## Dataset content
· · · · · · ·

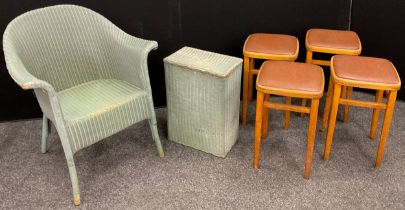 A Lloyd Loom ‘Lusty’ bedroom tub chair, and a conforming small laundry basket; and a set of four mid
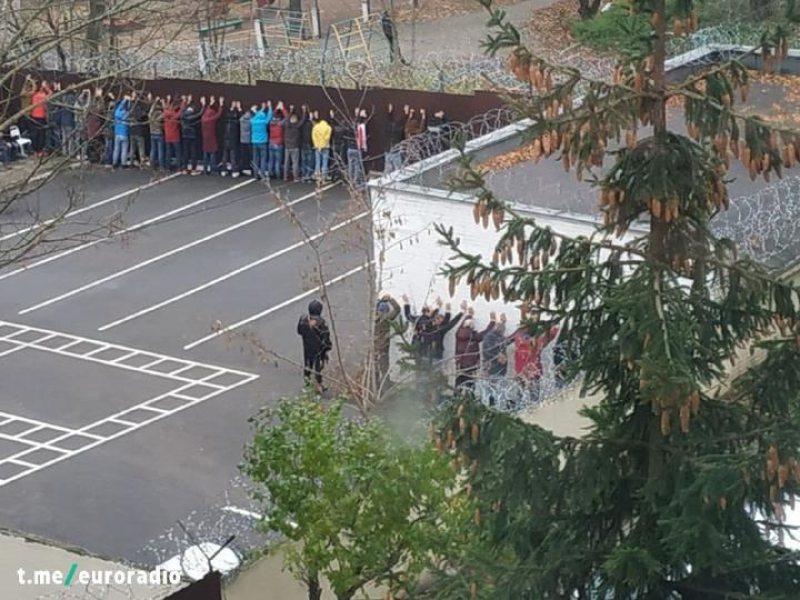 Detained protesters facing the fence in the Saviecki district police department of Minsk on November 8, 2020. They were forced to stand with their hands in the air for hours before being booked. Photo: tut.by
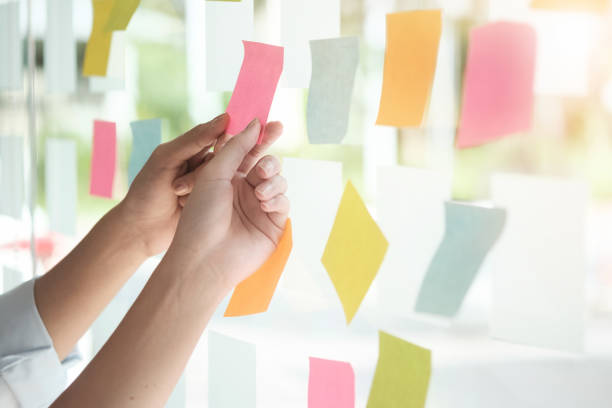 istock Creative business people reading sticky notes on glass wall with colleague working use post it notes to share idea discussing and teamwork, brainstorming concept.Closeup shot. 921248232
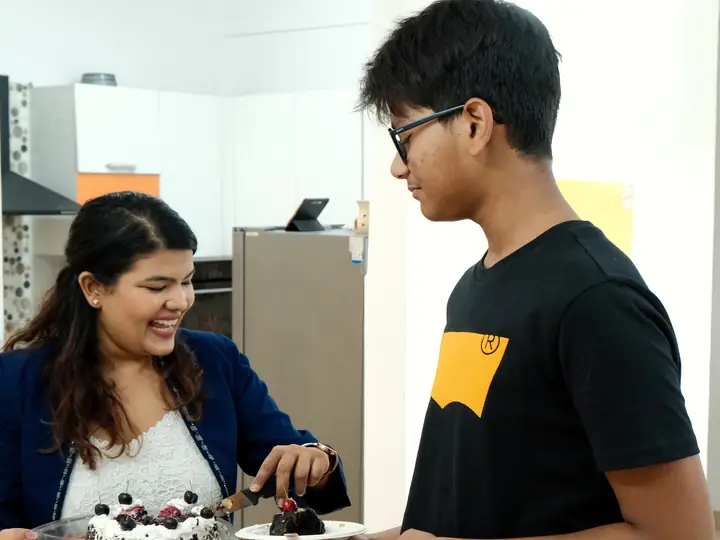 Sona serving a slice of cake to a guest at the studio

· · · · · · ·

## Problem requirements
The answer must consist solely of the lines from the line containing "istock Creative business" to the end of the data, reproduced exactly, with every picture left out.

## Output of the task
 istock Creative business people reading sticky notes on glass wall with colleague working use post it notes to share idea discussing and teamwork, brainstorming concept.Closeup shot. 921248232
 Sona serving a slice of cake to a guest at the studio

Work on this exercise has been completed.